Integration: Prior Labs

Tabular data science via MCP - predict missing values, classify, and run regression on tabular datasets using Prior Labs' foundation model.

Authors
Prior Labs

Table of Contents

Overview

Prior Labs is the team behind TabPFN, a foundation model for tabular data. They expose TabPFN as a cloud service via the Model Context Protocol (MCP), enabling Haystack agents to run tabular machine learning without writing any ML code.

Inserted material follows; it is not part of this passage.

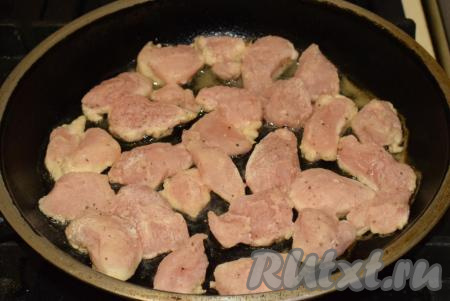 В сковороде разогреть растительное масло и выложить кусочки куриного филе в панировке так, чтобы кусочки не касались друг друга (если всё филе не поместится сразу на сковороде, лучше пожарить его в два приема, так куриное мясо получится с хрустящей корочкой снаружи, что нам и нужно).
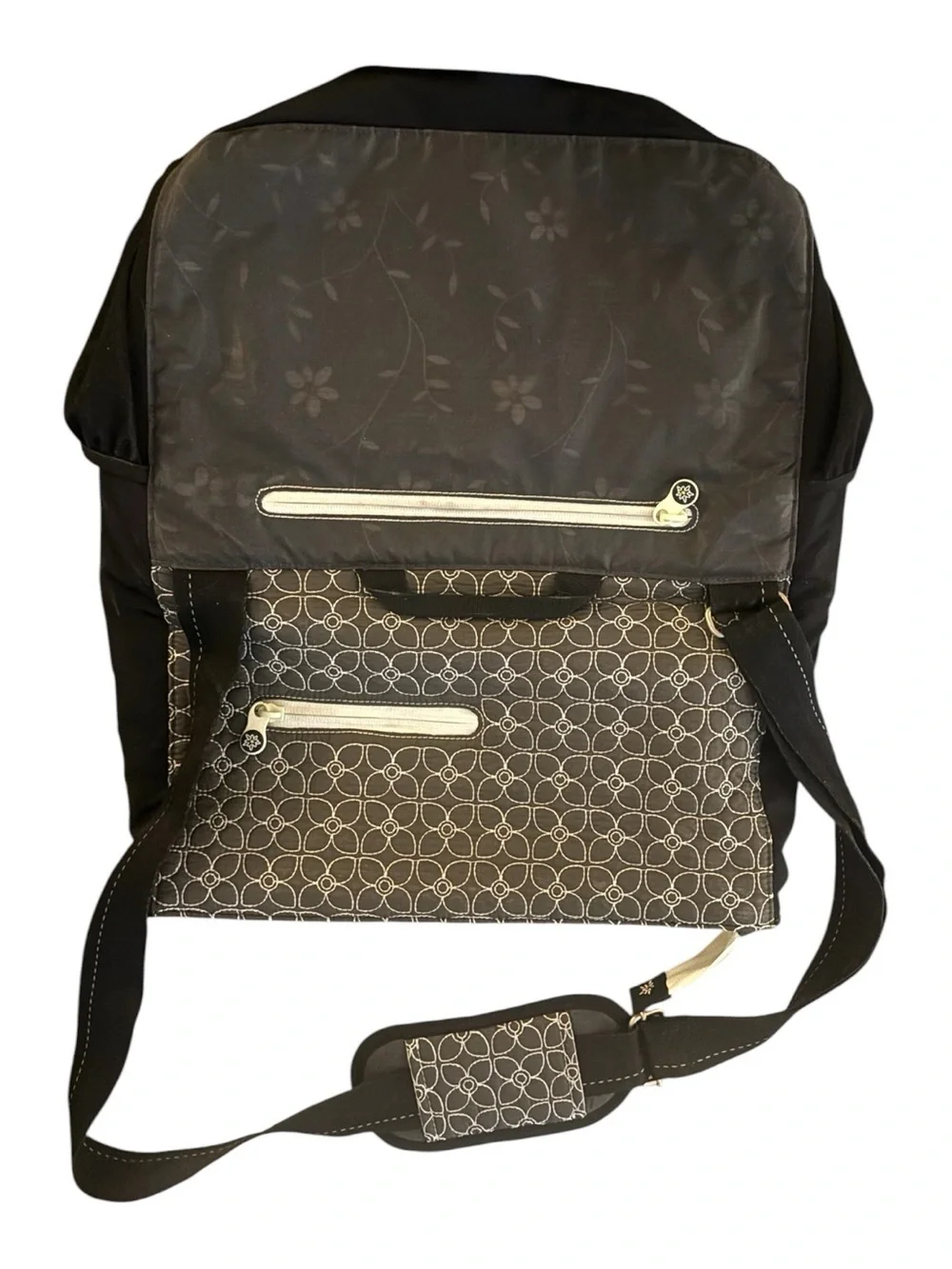 Sherpani Black Messenger Bag with Gray Patterned Flap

The MCP server exposes five tools (as of March 2026):

Tool Description
upload_dataset Upload a CSV file (train or test) and receive a dataset_id for use in subsequent calls
fit_and_predict_from_dataset Train a TabPFN model on an uploaded training file and predict on an uploaded test file
predict_from_dataset Run prediction with a previously trained model on an uploaded test file
fit_and_predict_inline Train and predict on small arrays already present in the conversation
predict_inline Predict with a previously trained model on inline arrays

Both classification and regression tasks are supported. For small datasets shared directly in the conversation the agent uses the inline tools, while for larger file-based datasets it calls upload_dataset first.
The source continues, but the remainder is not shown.